For English, he needs A LOT more impulsion. I don't know what you plan to do with him, but if it involves jumping you need to push him a lot more. Your reins are way too long to give sufficient contact to his mouth and you are sitting in a kind of chair-seat position. Grab more rein and sit forward a tad bringing your leg back to align with the girth and you'll look much much better!

Now, as others suggested, if you plan to do AQHA pleasure with him, I can't help. I personally do not understand AQUA English pleasure/hunt seat because it just looks like a bunch of Western horses with English tack put on, but if that's your thing, go for it girl!

Your horse seems very honest and good moving, but for Western. I'm sure over time you could convert him to more English style, but like I said: over time.

Also, don't ask for critique's if you don't even bother to respond to any of them and just post "bump". People take precious time out of their day to watch and comment on video's like yours, so please, be appreciative.
Also, I agree that you should never ride a horse that seems "off" or in any way lame. A part of me believes that you said that as a cover up because you believed that you didn't look good so you wanted an excuse to make yourself feel better. Not trying to be rude, just an assumption as I have done that before as well.
Oh, and helmet?... 
Happy Riding!


----------



## Roperchick (Feb 1, 2010)

you had his face tipped in when you asked for that first canter, so his weight was on his outside shoulder and that probably plays a part in why he threw his nose out and stuttered a second before picking it up.

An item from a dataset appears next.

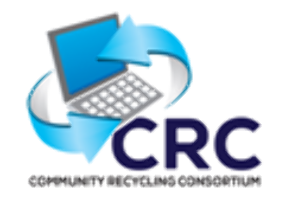 Community Recycling Consortium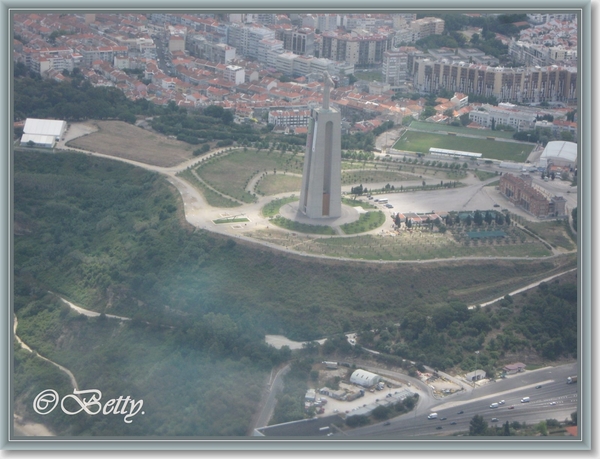 sized_IMG_7311 Cristo Rei monument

i agree with everybody else that he would make a super WP horse with that movement but at least the curcuits i used to ride, the judge would overlook him without more forward movement and impulsion.


----------



## howrsegirl123 (Feb 19, 2012)

finn113 said:


> Personally, I have to agree with Ninamebo; I think this horse belongs in western pleasure. I know you wanted only a critique on the horse, but in order to critique his movement, I have to critique your riding b/c your riding affects his movement.
> For western, he's pretty perfect so I wouldn't change anything except his tack...
> For English, he needs A LOT more impulsion. I don't know what you plan to do with him, but if it involves jumping you need to push him a lot more. Your reins are way too long to give sufficient contact to his mouth and you are sitting in a kind of chair-seat position. Grab more rein and sit forward a tad bringing your leg back to align with the girth and you'll look much much better!
> 
> ...


Just wanted to be clear here-

He was lame on the right front. I rode him that day (for the video) then had the farrier come out a couple days later, confirmed it, and fixed it with different shoeing. He has a low heel so the farrier raised it up and it has helped tremendously.

Not trying to be rude to you, but I just didn't want you (or others) jumping to wrong conclusions. In no way was I trying to cover anything up, he was indeed sore.


----------



## howrsegirl123 (Feb 19, 2012)

Also, I promise that I do read everyone's posts and take everything into consideration. I love getting feedback. I just do not comment on all of them.


----------



## finn113 (Aug 21, 2012)

I still do not believe you should have ridden him if he was lame, especially just for the sake of filming a video. 
However, he is your horse. so you are entitled to use your own discretion on whether or not you think it's okay to ride him. Good luck!


----------